> _AIM OF THE TASK_
What you write must match, character for character, the lines from the one with "You will also" down to the one with "Hi, let's talk" in the listing below, minus its pictures.

> _GIVEN INFORMATION_
-----

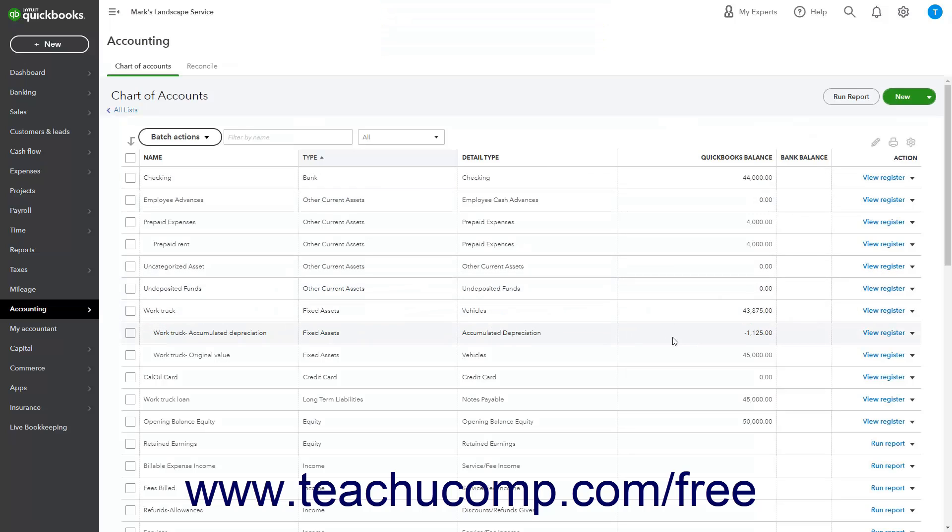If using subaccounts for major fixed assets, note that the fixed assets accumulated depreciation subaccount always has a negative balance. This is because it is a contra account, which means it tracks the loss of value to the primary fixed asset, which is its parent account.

-----

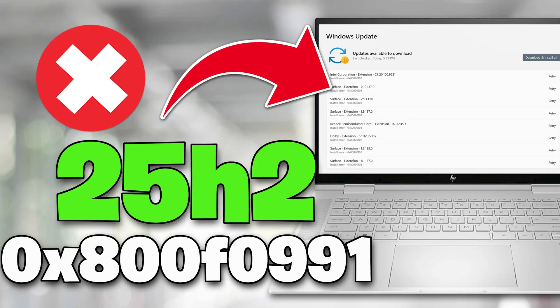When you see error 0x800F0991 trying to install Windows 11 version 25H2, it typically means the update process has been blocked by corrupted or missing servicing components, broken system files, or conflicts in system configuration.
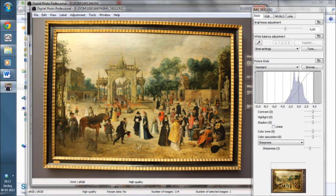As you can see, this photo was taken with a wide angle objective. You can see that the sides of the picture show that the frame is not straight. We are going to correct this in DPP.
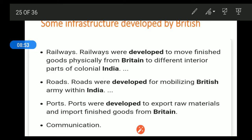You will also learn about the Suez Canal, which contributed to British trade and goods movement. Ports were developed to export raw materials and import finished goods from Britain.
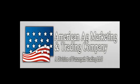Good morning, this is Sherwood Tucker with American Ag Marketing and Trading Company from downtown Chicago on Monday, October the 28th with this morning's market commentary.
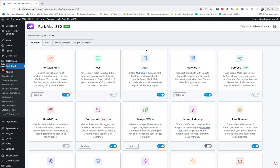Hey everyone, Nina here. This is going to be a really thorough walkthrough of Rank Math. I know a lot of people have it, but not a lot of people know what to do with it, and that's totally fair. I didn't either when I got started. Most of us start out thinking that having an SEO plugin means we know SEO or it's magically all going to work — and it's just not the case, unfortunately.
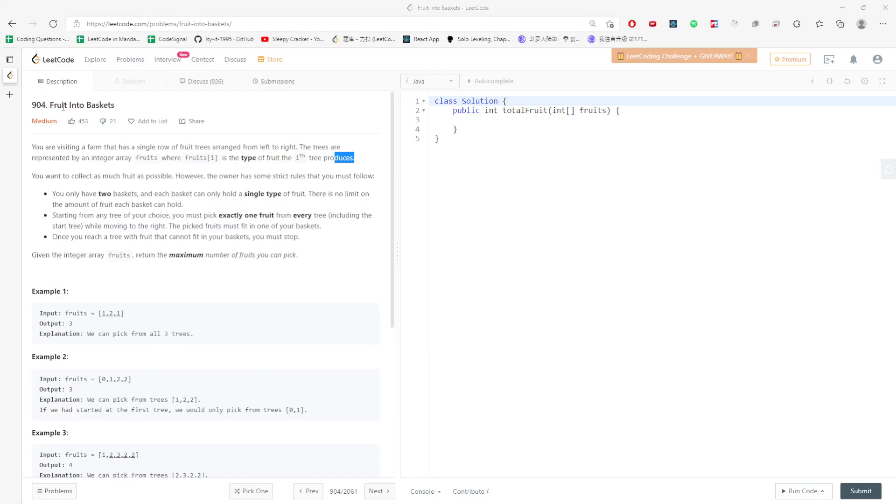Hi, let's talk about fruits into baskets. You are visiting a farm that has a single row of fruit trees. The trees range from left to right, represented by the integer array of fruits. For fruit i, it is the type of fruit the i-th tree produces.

-----

> _TASK RESPONSE_
You will also learn about the Suez Canal, which contributed to British trade and goods movement. Ports were developed to export raw materials and import finished goods from Britain.
Good morning, this is Sherwood Tucker with American Ag Marketing and Trading Company from downtown Chicago on Monday, October the 28th with this morning's market commentary.
Hey everyone, Nina here. This is going to be a really thorough walkthrough of Rank Math. I know a lot of people have it, but not a lot of people know what to do with it, and that's totally fair. I didn't either when I got started. Most of us start out thinking that having an SEO plugin means we know SEO or it's magically all going to work — and it's just not the case, unfortunately.
Hi, let's talk about fruits into baskets. You are visiting a farm that has a single row of fruit trees. The trees range from left to right, represented by the integer array of fruits. For fruit i, it is the type of fruit the i-th tree produces.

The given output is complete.